A further wait. Men dressed as policemen walk in and out – looking like schoolboys doing their absolute best to meet the letter of the uniform code, whilst protesting the spirit. I go to the toilet – unsure whether I am allowed to go through that door or not, but no longer caring. Inside the bins are studded with pizza boxes and drink cartons. These policemen cannot go  to work on an empty stomach.

Eventually after our man has nipped out for a loaf of bread, he beckons us into a small room. It is bare and scruffy with a rather superfluous computer monitor on the desk. He lights a cigarette and proceeds to leaf ever so slowly through a pile of crime reports. Unsurprisingly, none of them refers to our incident. The chance of the paperwork getting to the station before us was always infinitesimal. We try to tell him the police came at 1am – he is convinced we are saying they came for an hour. His English is good enough to tell us that his English is not good enough to fill in a crime report.  He could fill out a form for a fight but not for a robbery. As he says “fight” he shadow boxes playfully. A picture paints a single word.

So we need a translator, he tells us. He takes us back into the room where the policemen had breakfast. There must be about 10 people in there now, all of them animated. Clearly the day of law-keeping us well under way. He has a translator on a phone. It is a relief to speak to someone who can speak English. He can be with us in 10 minutes and it will cost is 80 euros. Clearly crime does pay. I cynically wonder what percentage goes to the policeman’s pizza fund. I tell him we may get back to him tomorrow. We need to contact the insurance company first. And besides we have no money. Always a good place from which to negotiate.

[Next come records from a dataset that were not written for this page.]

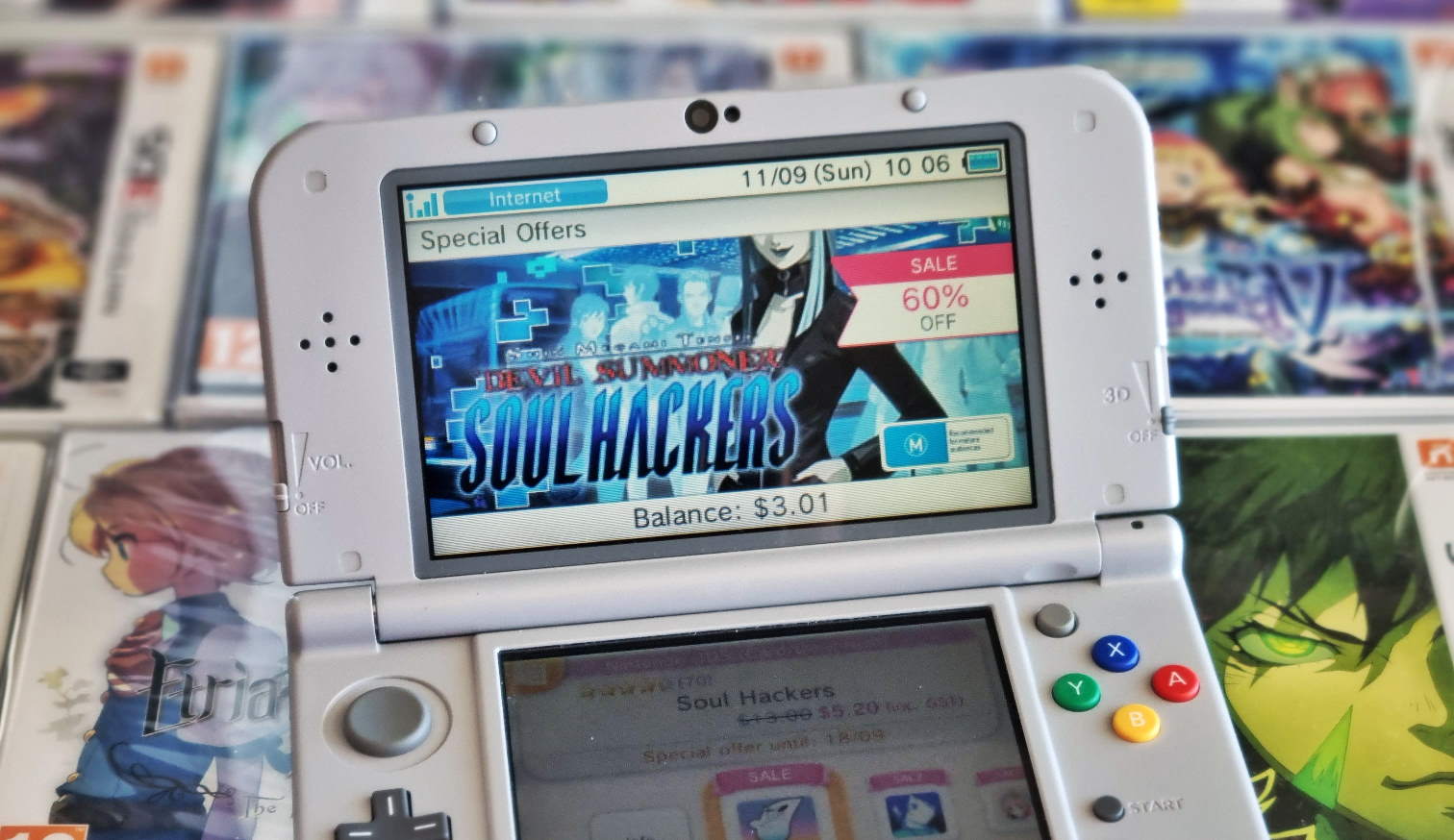 The Nintendo 3DS Has Closed Find These 10 Games!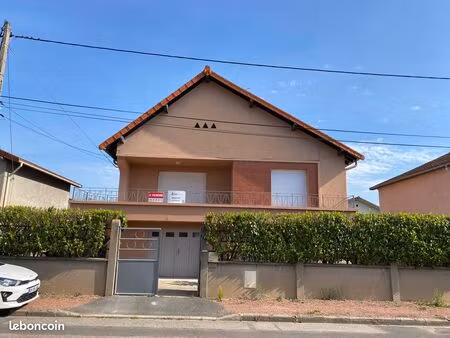 vends maison renovée à neuf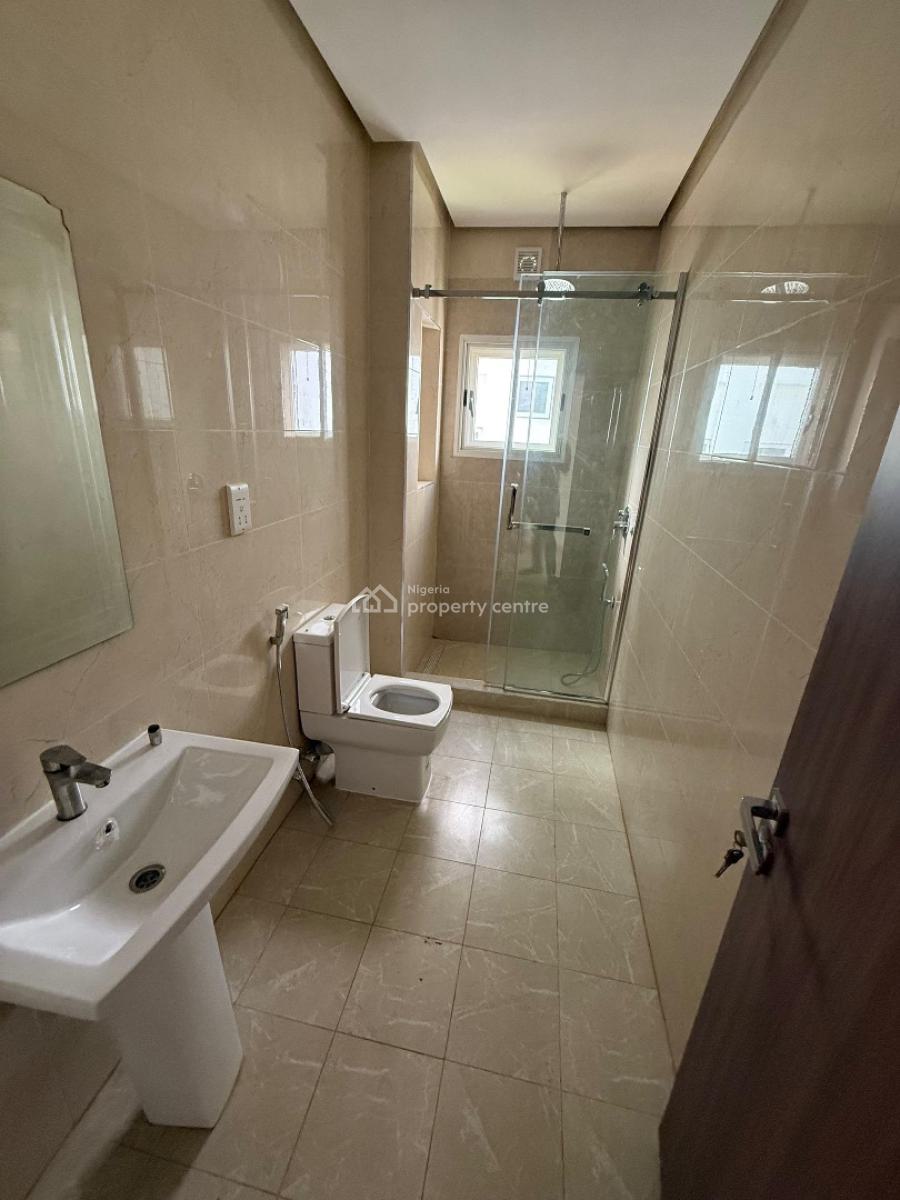 Luxury 4 Bedroom, Maitama District, Abuja, Detached Duplex for Sale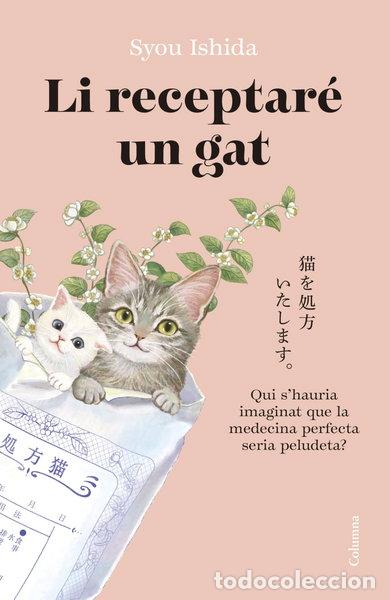 books: Li receptar&eacute; un gat- 9788466433242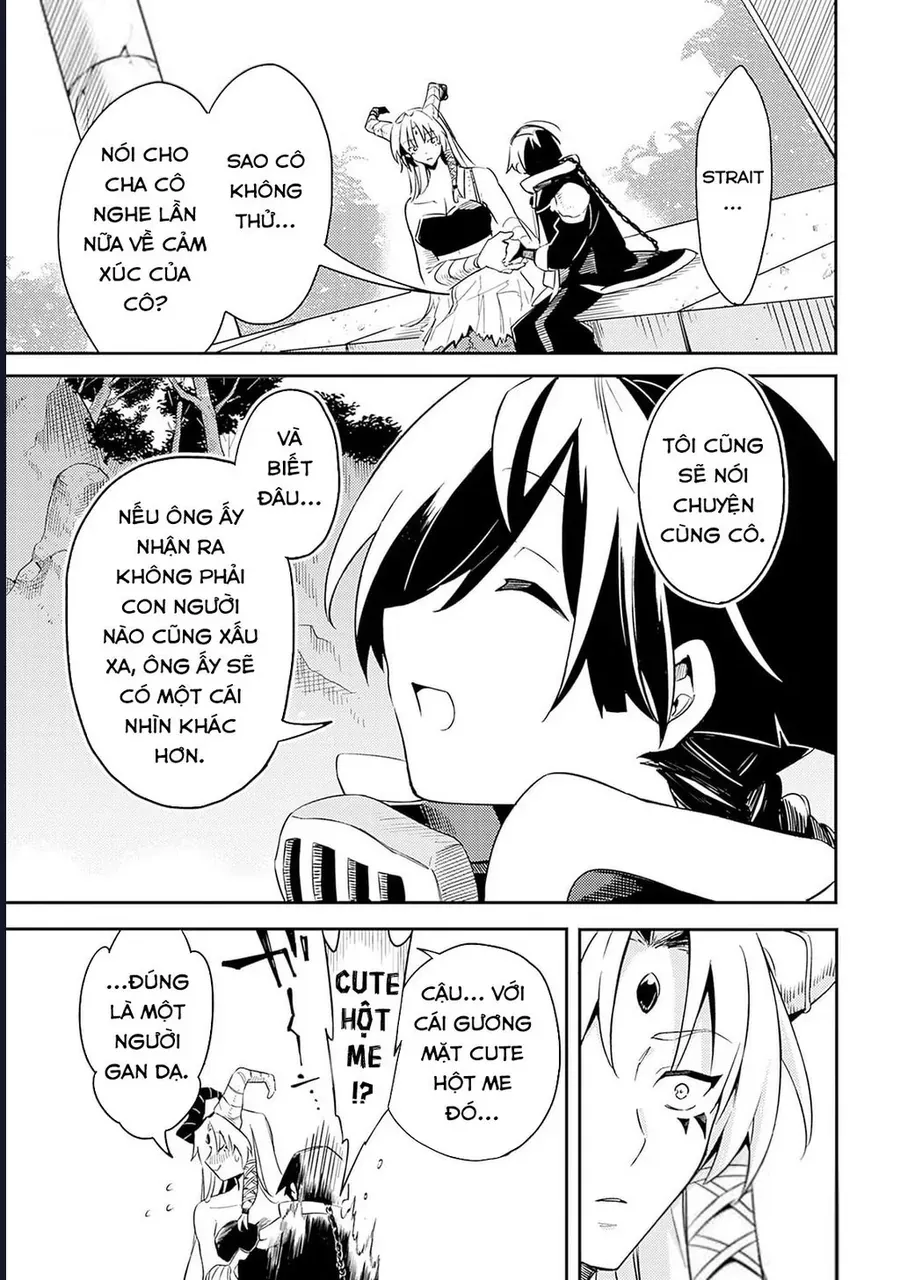 Vì Bị Coi Là Kẻ Ăn Bám, Tôi Quyết Định Chuyển Đến Đế Quốc Để Thăng Tiến Sự Nghiệp. Chapter 45 - 11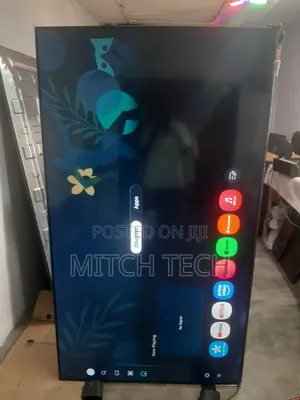 85inches Samsung Backlight Tv Change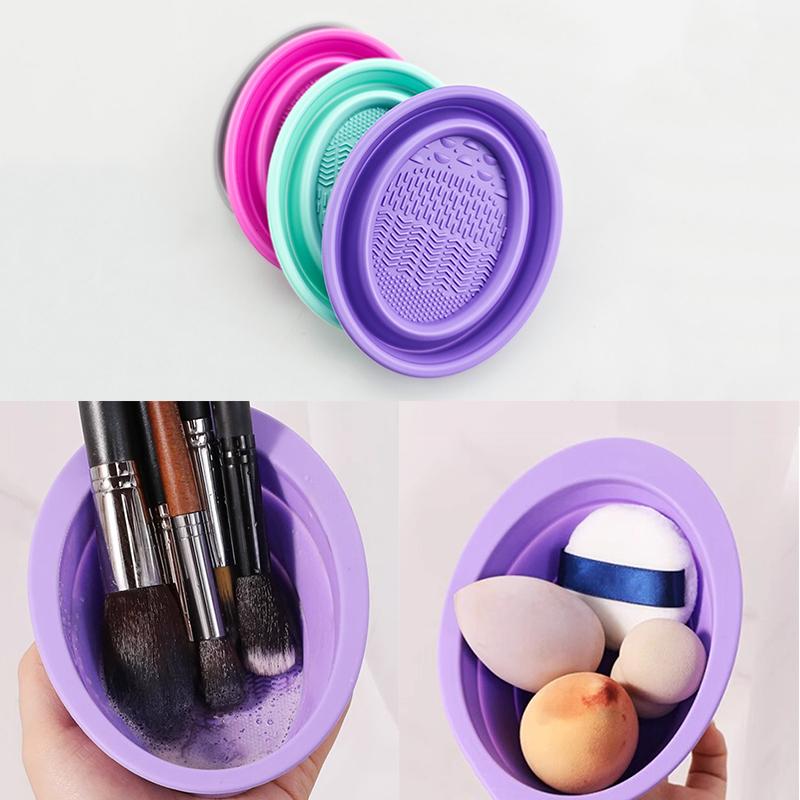 Soft Silicone Makeup Brush Cle - Beauty Makeup Wholesale avis et prix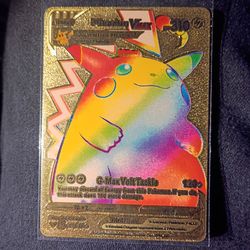 Pokemon card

And so we returned home. Later that morning TJ came along. He would have come last night but he was drunk and didn’t want to get in trouble with, well, the police. He rings the owner of our property – who I had already texted – and tries to persuade him to add some better security to that particular door. More revenue from crime. Either way the door will need fixing. TJ explained that the property next door had been broken into 3 times. Had we known this beforehand we would have been extra vigilant. We make a point of telling our neighbours.

Last night, my son slept in a different room. Tomorrow we hope the door will be fixed and he can return downstairs. TJ will drive us back to the police station in the morning and help us fill in the report, without the need for a translator. There is a risk that the police will not give us a crime report if the value of the stolen goods is over a certain amount. It will need to go into some opaque Turkish legal process. Apparently previous tourists have exaggerated their claims to include, for example, a selection of jewellery that one would never take on holiday. Hopefully they won’t query our claim and in the end no damage will have been done.

We doubt the police will find anyone. There are fingerprints, CCTCV cameras, possible witnesses, goods with serial numbers to be traced. But one doubts they will bother or be sufficiently organised to pull together such an investigation. At least not without another decent breakfast..

  4 comments for “Turkish Delights – Day Three: Crime and Nourishment

  1. July 14, 2013 at 3:22 pm

    So sorry to read of this, Dave – I’d been so encouraged by the previous tip-off about visas! Is there anything we can do from here?
    Do hope you get sorted practically and that a sense of peace returns so you can enjoy your break.
    Simon

  2. jacky crown
    July 14, 2013 at 4:55 pm

    Sorry to hear about this – but it as made for interesting reading!